Um dos exemplos dessa máxima é a sexta faixa do projeto, “Hello”, composta por Chablau, “Essa música eu confesso que eu não sei o que eu estava usando na época, eu não lembro muito (risos)”, revela sobre a canção “bilíngue” que trata sobre o eterno (e frouxo, em suas palavras), debate sobre o que é música brasileira e o que não é. “Mas eu lembro de escrever essa letra há bastante tempo, e foi uma das poucas músicas que eu escrevi uma letra gigante e deixei no bloco de notas no meu celular (…) Aí um dia, eu fui falar com um amigo que eu tinha escrito essa música e ai eu não tinha uma harmonia pra botar junto, e aí eu acabei tocando uma música que eu tinha aprendido, e cantei a música pra mostrar. E aí virou a música!”, o resultado, foi a letra mais agressiva do disco com uma melodia paradisíaca de bossa nova, intensificando a natureza passiva agressiva da canção, que segundo a banda, chegou “imexível”: toda a estranheza, potência e contraste dela já estavam ali.

A habilidade de juntar tantas coisas visando um resultado satisfatório, tão pouco tem a ver com sorte, e mais com a experiência musical da banda, em que Theo e Téo se conhecem desde os 7 anos de idade, e desde então possuem “bandas desde os 7 anos de idade, umas imaginárias, algumas reais”, contam. Antes de se juntarem com Sophia como banda de apoio e eventualmente se tornarem um grupo, Theo tocava com Vicente, e até com Chico Bernardes na banda Fernê, e já havia tocado com Chablau, como se os músicos estivessem separados mas juntos, só esperando a hora certa de se unirem de vez.

E é essa tal união estratosférica que será apresentada ao vivo hoje, 22, às 20h, no o show de lançamento do disco, via Itaú Cultural. Para se preparar para o lançamento, a banda se reuniu por duas semanas nos fundos da casa de Sophia para, entre aulas do EAD, ensaiarem (e muito!) para o show. “A vibe que a gente tá é muito boa, porque no fundo é a vibe que a gente sempre esteve pra fazer as coisas rolarem (…) A gente fica ansioso juntos, fica nervosos juntos, sofre juntos”, conta Chablau, e Théo complementa. “Sabemos que pra fazer uma live tem que ser tão bom quanto um show, mas bom em outros sentidos… É importante ter uma coerência visual, estética que não seja algo que a gente faz porque a gente tem que fazer.”

Em meio de incertezas mundiais, mas de diversos momentos especiais diante a resposta positiva do disco por parte do público e crítica, a banda possui sonhos alucinantes sobre o futuro, já planejando muitas coisas além do disco.
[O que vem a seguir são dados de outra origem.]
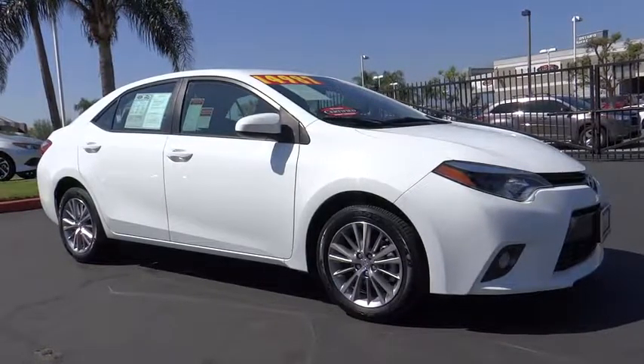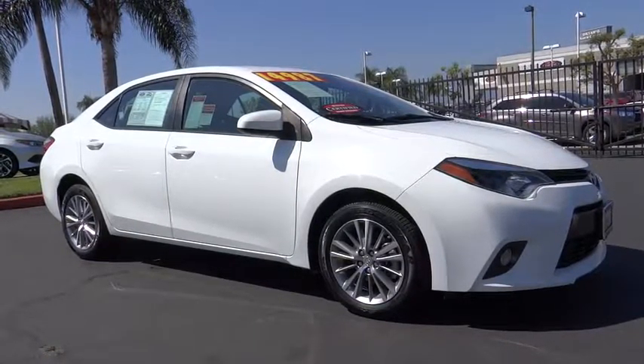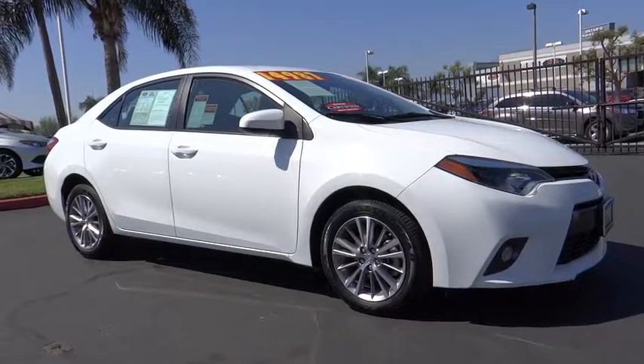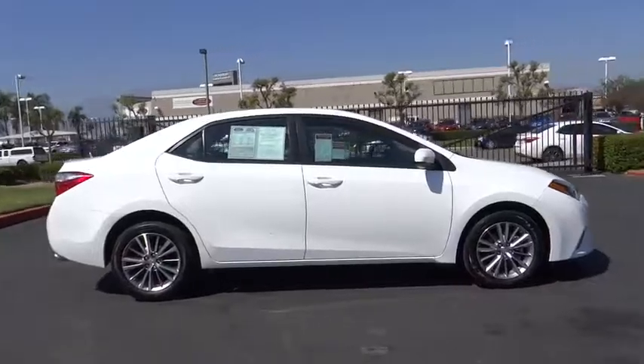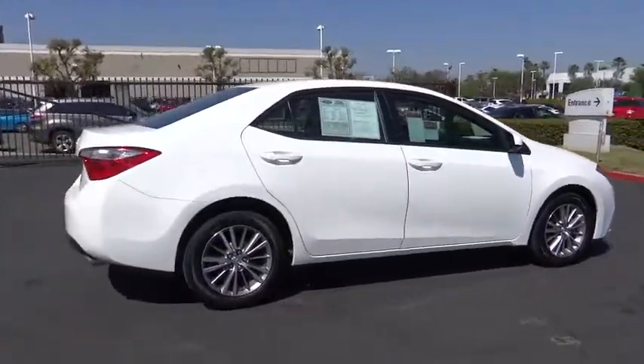The 2015 Toyota Corolla. The Corolla is still a great option for those who want dependability, comfort, and value. This vehicle has less than 35,000 miles. Here are some of this vehicle's great options.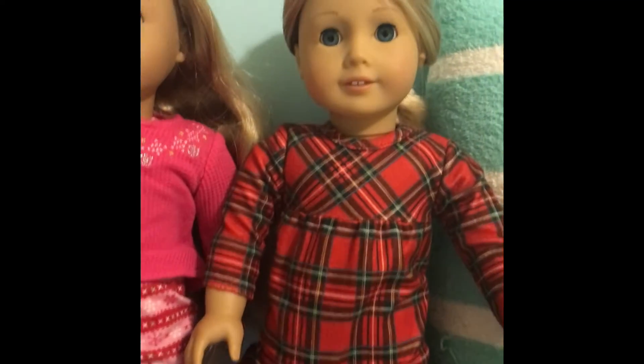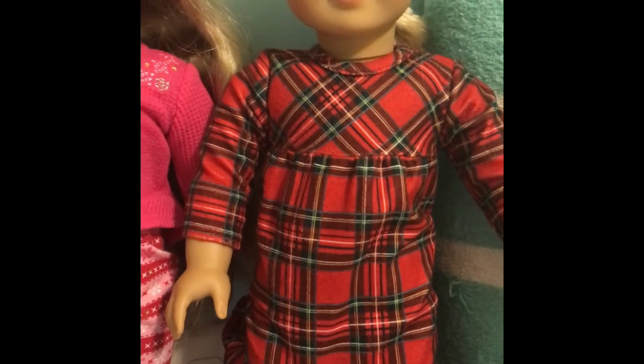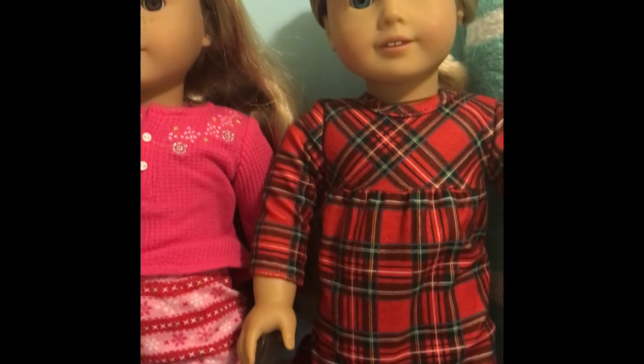And last but definitely not least we have Ashley in this super cute Christmas nightgown, and oh my gosh I'm just so obsessed with it. I can't find slippers, so yeah.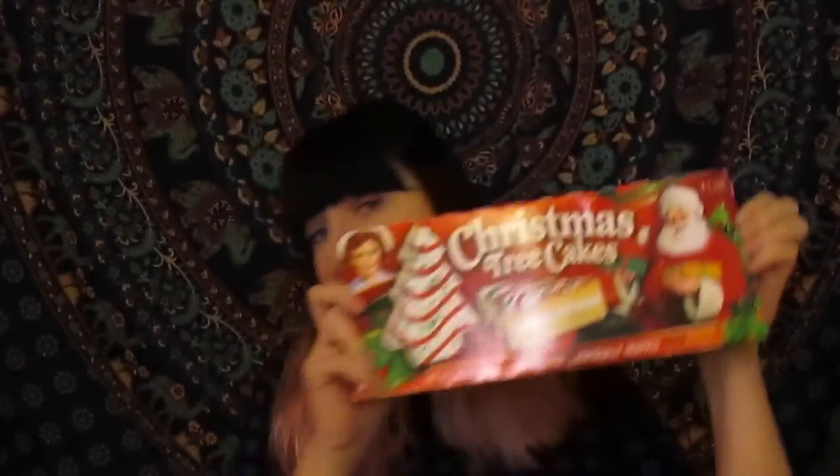I'm gonna have to ration these. My mom knows that I love Little Debbie cakes and I'm so excited — I've had one today and that's all so far because there's only five, so I have to ration them. Seriously, Little Debbie cakes — the hearts, the Christmas trees — they're all amazing. If you've never had them, you're missing out.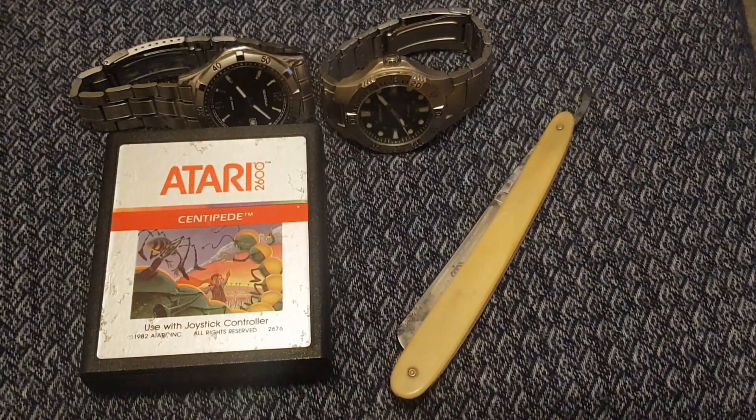Those are today's car boot buys. Sadly, not a lot this weekend. Hopefully the better weather's going to come in and I can start going to the bigger car boots when they're on, and finding some better stuff.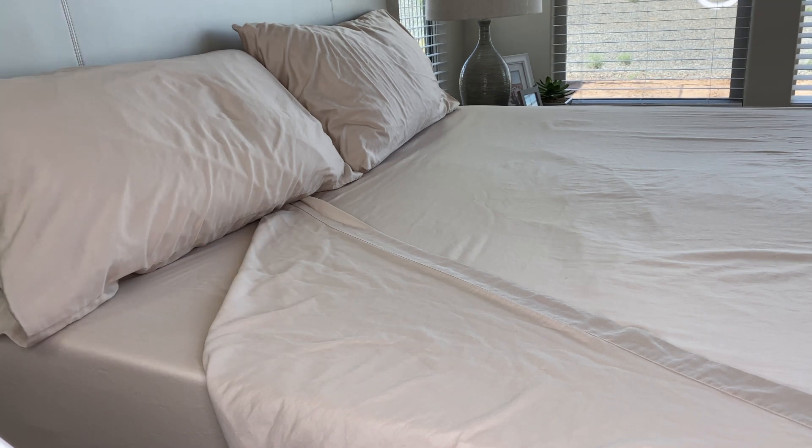They come in a variety of colors to match your home decor. So if you are looking for 100% cotton with a slight sateen sheen to your sheets, I highly recommend them. They have worked out perfect for my king-size bed.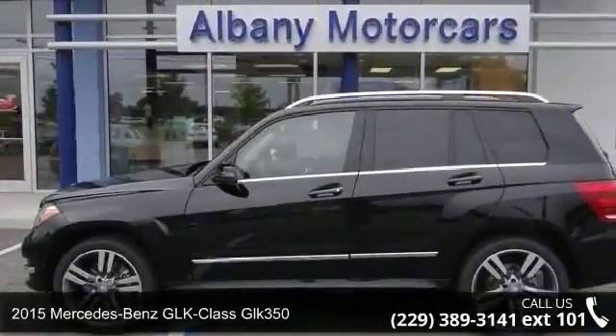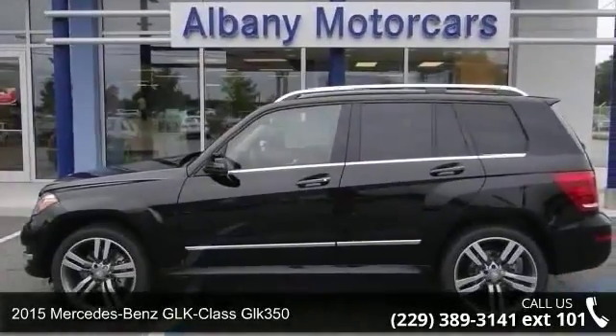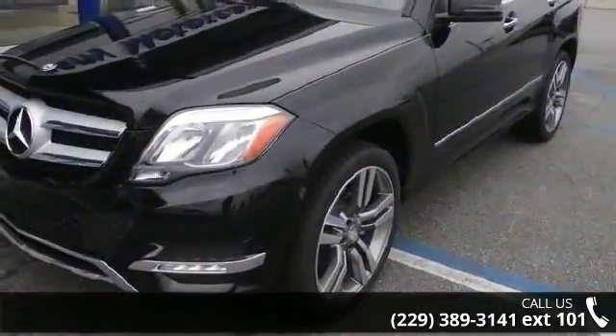Presenting the 2015 Mercedes-Benz GLK Class GLK 350. Don't miss this great deal on a luxury vehicle.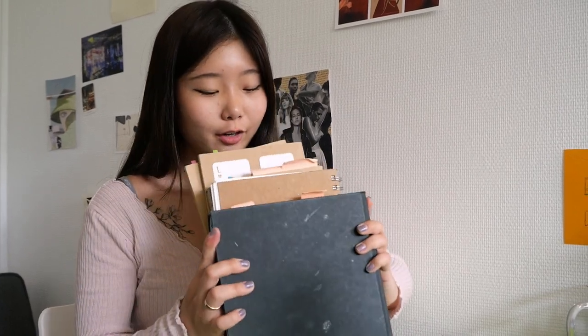Hi guys, welcome back to my channel. Today I'm going to show you these workbooks — what they are for, what I did in them, and how they actually helped me get into an art school in Paris. I call them workbooks for my portfolio for trying out for French art schools, and as a lot of you guys might know, I go to an art school in Paris called Art Déco or ENSAD.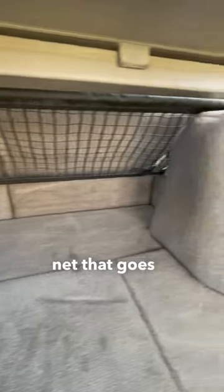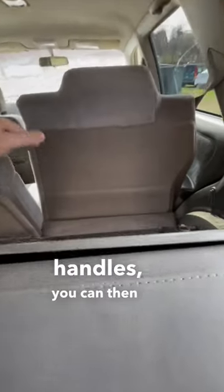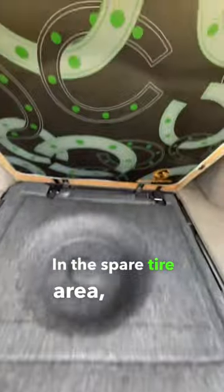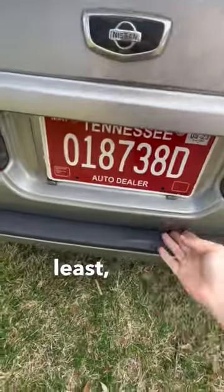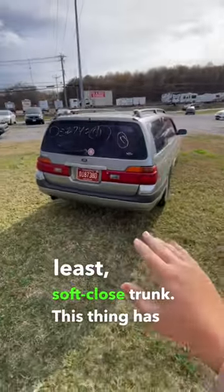There's a cargo net that goes in the very back. If you pull these handles, you can push these seats flat. In the spare tire area, it's got some really cool Stagea graphics underneath. And last but not least, a soft-close trunk. This thing has it all.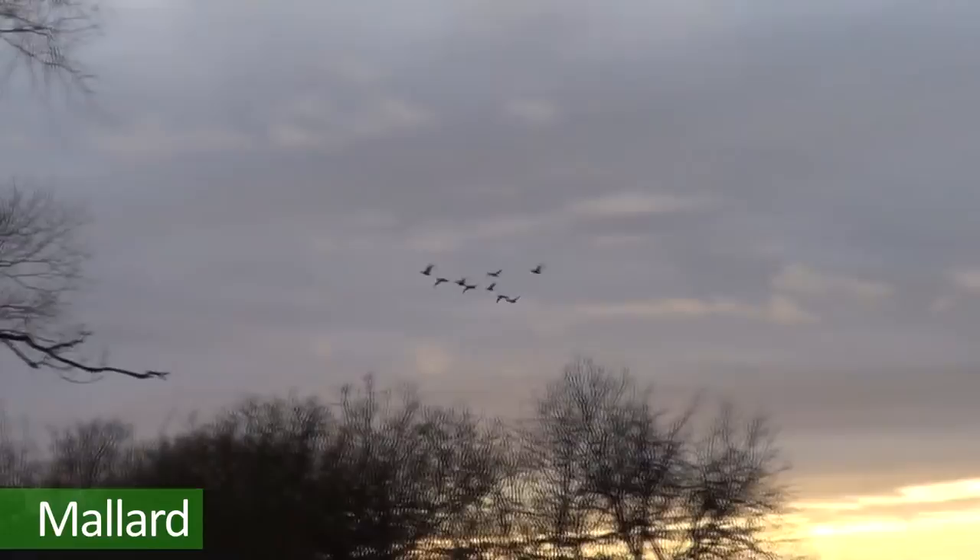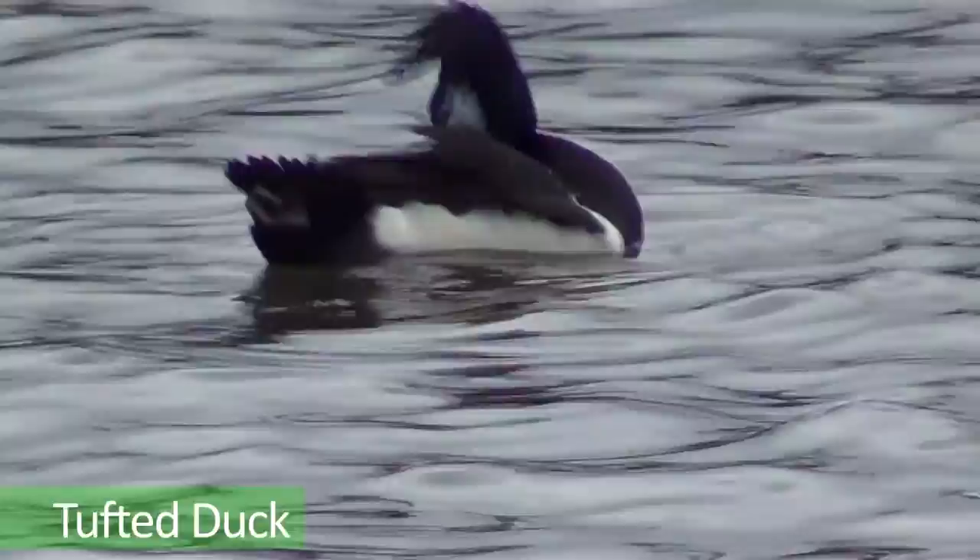The Mere is home to many species of waterfowl. The Tufted Duck is one of the most common inhabitants and can be seen feeding on the water alongside mallard and coot.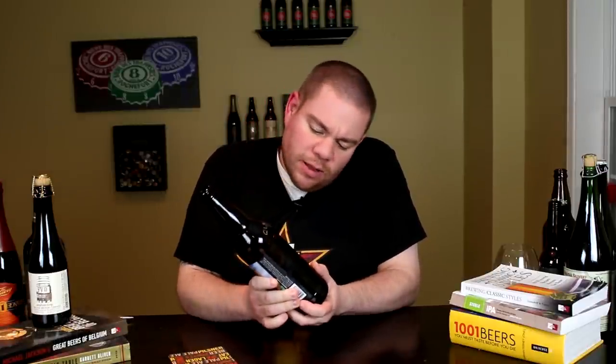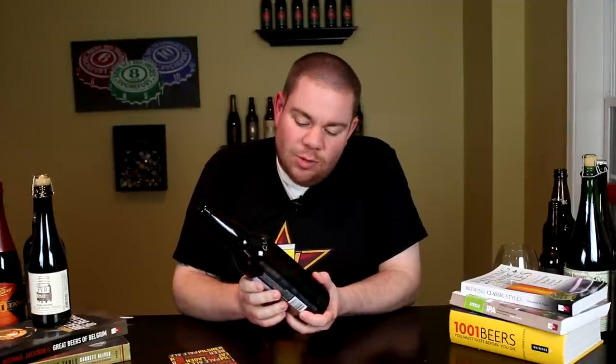Hey guys, what's up, Chris here for beergeeknation.com. Today we are looking at a new release from Clown Shoes Brewing — this is their Tequila Barreled Sombrero, a Mexican style chocolate stout aged in tequila barrels. This is a version of what they call the Chocolate Sombrero, which is a stout with vanilla, cinnamon, and ancho chili. I believe they did a bourbon barrel version — one of my favorite beers from them — so when I heard they were throwing it into tequila barrels, I had to try it. 12% alcohol by volume.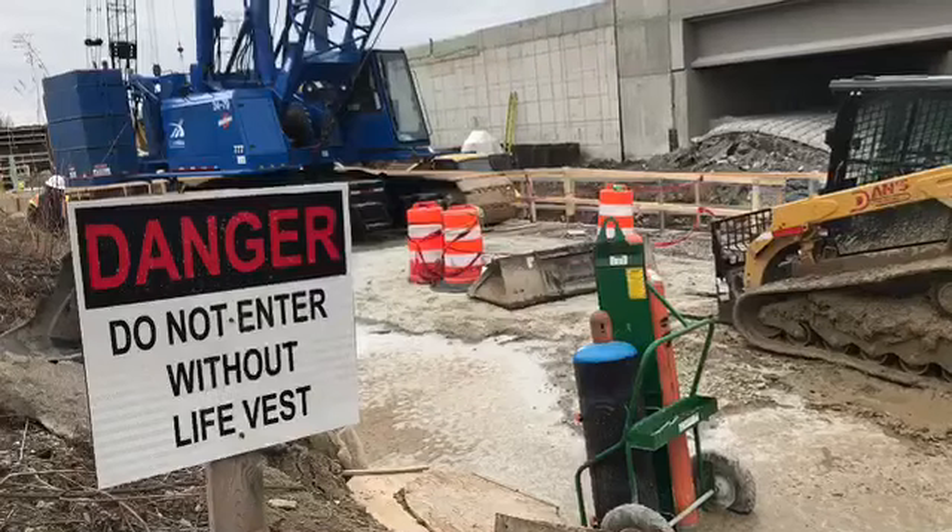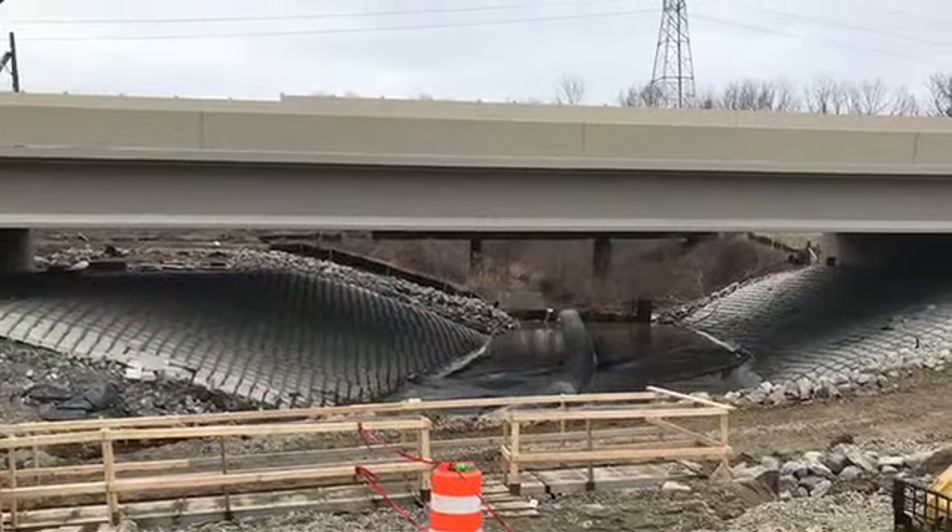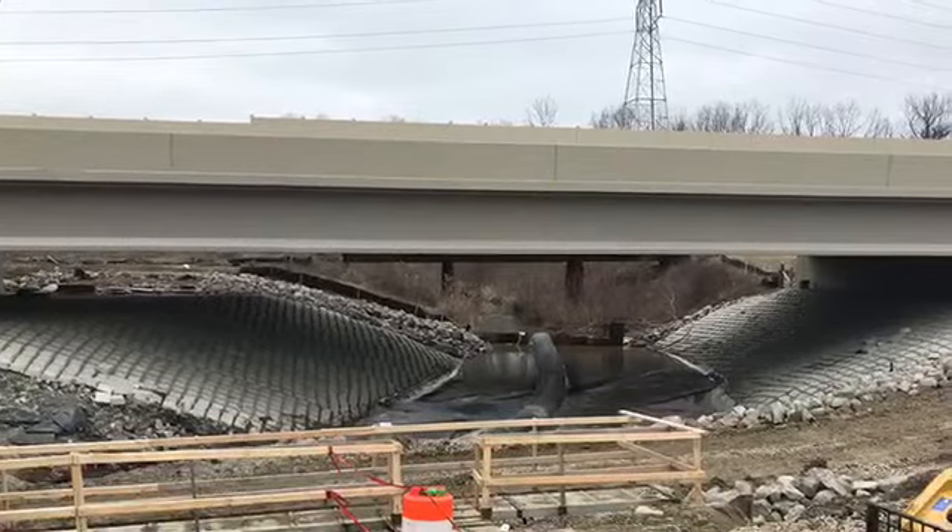The I-75 Rouge River project began in early 2017. Now this is a new phase of the project, closing another stretch of southbound I-75.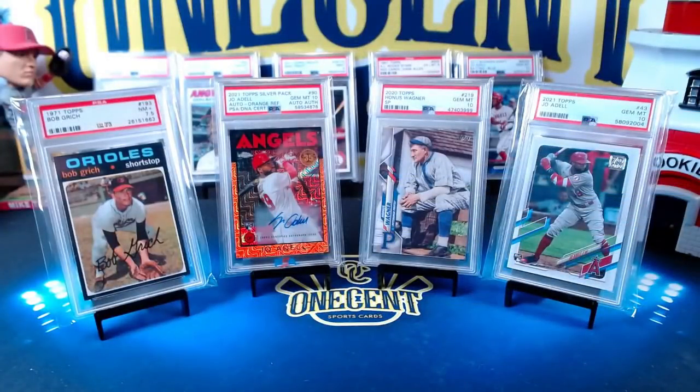Hey everyone, welcome back to One Cent Sports Card's YouTube channel. The dawn of the 2022 baseball card collecting season is upon us. 2022 Topps Series 1 is about to drop. The checklist has dropped, and the question on every collector's mind is: is this set a blockbuster or is it a little bit lackluster? There's only one way to find out, and that is with the One Cent Sports Card's set guide and review.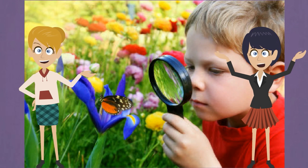Butterflies are tiny but very important. Nature needs butterflies — they keep the ecosystem in balance.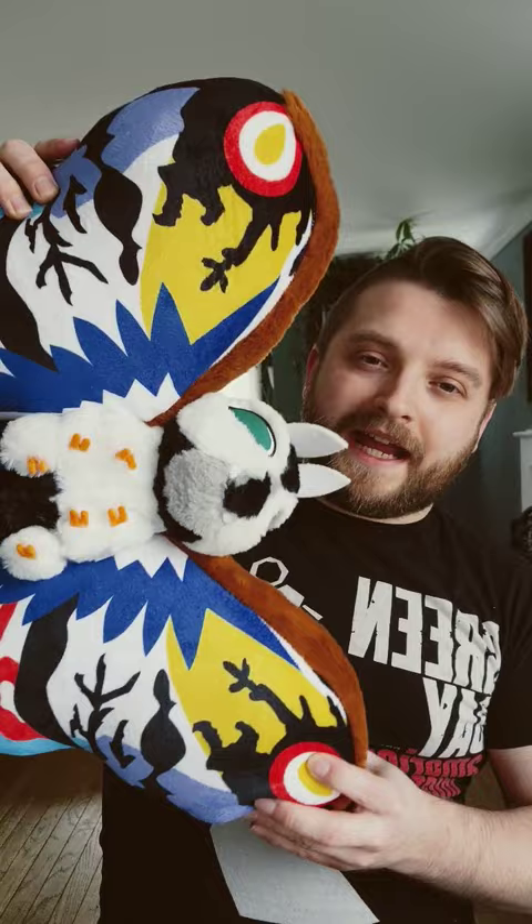The wings are giant. I normally just display it, but I really sometimes just like taking it off the shelf and squishing it because it feels really wholesome. You can find these on Amazon, and I do have an unboxing video if you want to watch that. This is Surreal Entertainment's Rainbow Mothra Giant Plush.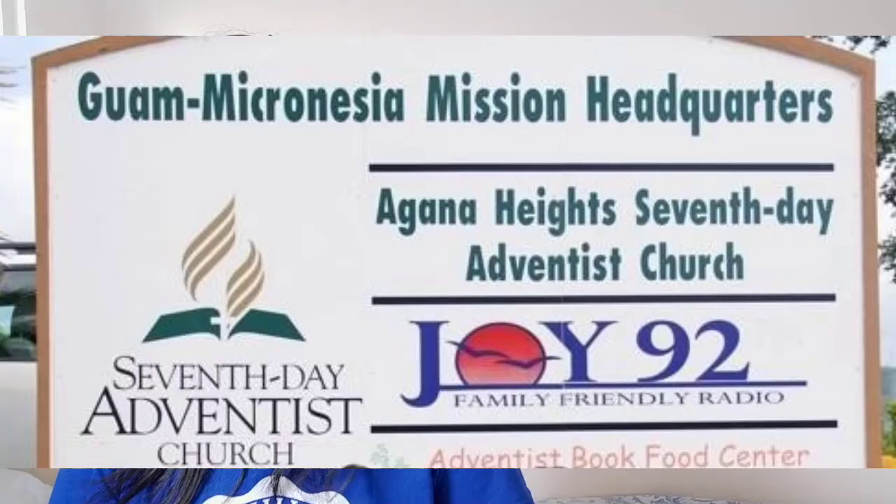Now it's time for the Adventist facts. What Adventist mission does Guam belong to? Since Guam is a small place, it is a mission and not a conference. It is the Guam-Micronesia Mission, established in 1948.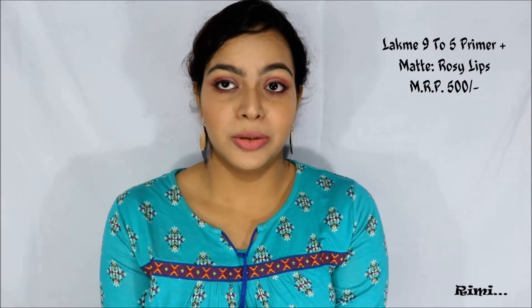The third one is from the 9 to 5 collection; the shade is called Rosy Lips. This is a very nude pink color with a hint of rose and it is one of my most favorite pink colors. You can see the color, which is really beautiful and will look good on fair to medium skin tones. I'm afraid this will not suit dusky skin tones.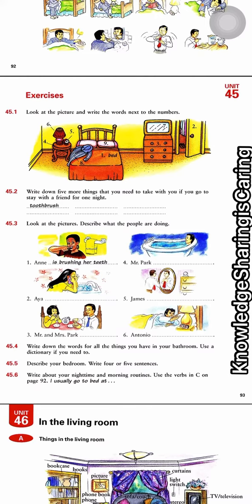Number four, Mr. Park is having a bath or taking a shower. Number five, Shane is dressing up. And then Antonio is waking up. So, number four: write down the words for all the things you have in your bathroom.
Mas ressaltam que o verdadeiro sonho da banda já está se concretizando, e contrariando o que muitos podem pensar do que é um sonho para artistas, para Sophia Chablau e Uma Enorme Perda de Tempo, vai além do sucesso comercial das obras. “A gente têm uma ansiedade por virar, mais no sentido mais profundo da coisa, da música, de tocar, de estar nesse lugar, e que na verdade é importante enfim, mas tem uma coisa que já virou assim no sentido da nossa relação entre nós quatro, das nossas preocupações musicais, do que a gente tá querendo construir juntos”, compartilha Sophia. “Nesse sentido, o sonho, um dos sonhos, a gente já tá vivendo o sonho. A gente tem uma banda que a gente ama, a gente super se dá bem, a gente tem um disco que a gente ama (…) O nosso ‘dar certo’ é ter virado uma banda, não ser mais um projeto, estamos muito felizes de ser uma banda.”